The Amazing China-Hastings Year of Tourism is part of the national China-New Zealand Year of Tourism 2019. It builds on Hastings’ already very strong trading and friendship relationships with China. The project gives our high school students the opportunity to learn much more about China and win trips to that country, while also increasing the people of China’s awareness of our fantastic district.
Three Hastings high school students will win all expenses-paid trips to China by solving the Amazing China-Hastings Year of Tourism (ACHYOT) puzzles in early 2020.

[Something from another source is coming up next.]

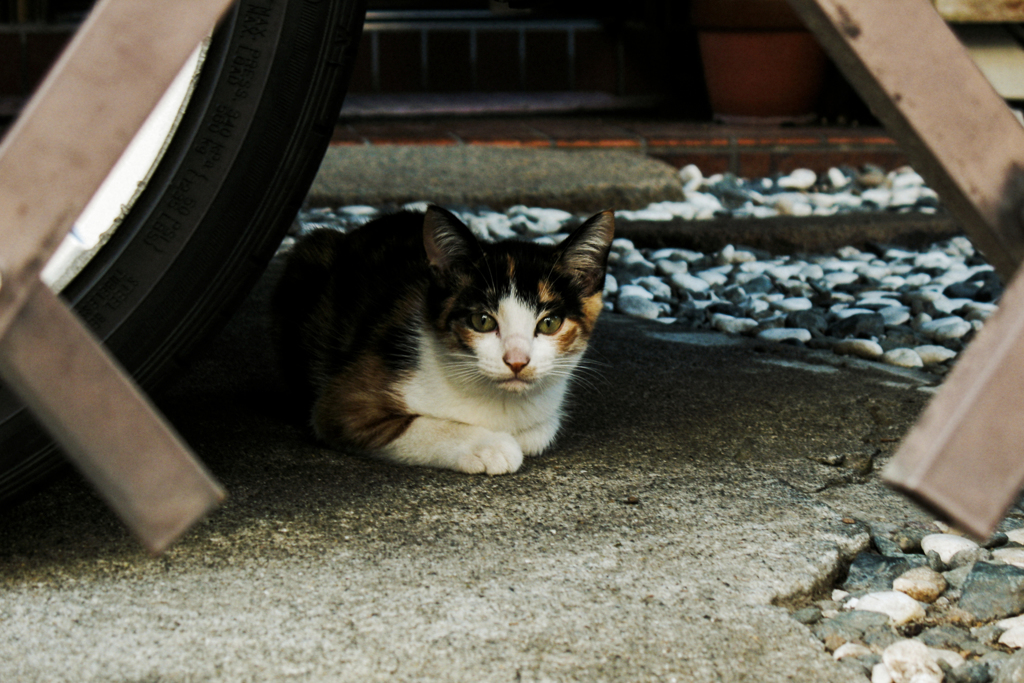 猫撮り散歩1863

The project is designed to cultural understanding and relationships between the two countries, expanding tourism and trade opportunities. For Hastings, it is about raising our district’s profile, encouraging Chinese tourists to visit our beautiful area while they are in New Zealand. It builds on the already strong friendship Hastings has with China, including the first New Zealand-China sister-city relationship, with Guilin, now almost 40 years old.
ACHYOT is the latest in the series of China-focused competitions run in Hastings over the last two decades, most recently the Amazing China Face Races.
Regions and cities across China have been invited to participate in the ACHYOT. So far more than 20 have registered. The next step will see Hastings send each of the participating areas a small treasure chest holding a gift from Hastings, kindly donated by the Hawke’s Bay Woodturners Guild.
In return, the cities and regions in China will send a chest to Hastings, holding something that uniquely represents their region. Those chests will remain unopened until early 2020, when our high school students will be challenged to match the gifts to their home region in China. (The competition date has been selected to fit in with college timetables.)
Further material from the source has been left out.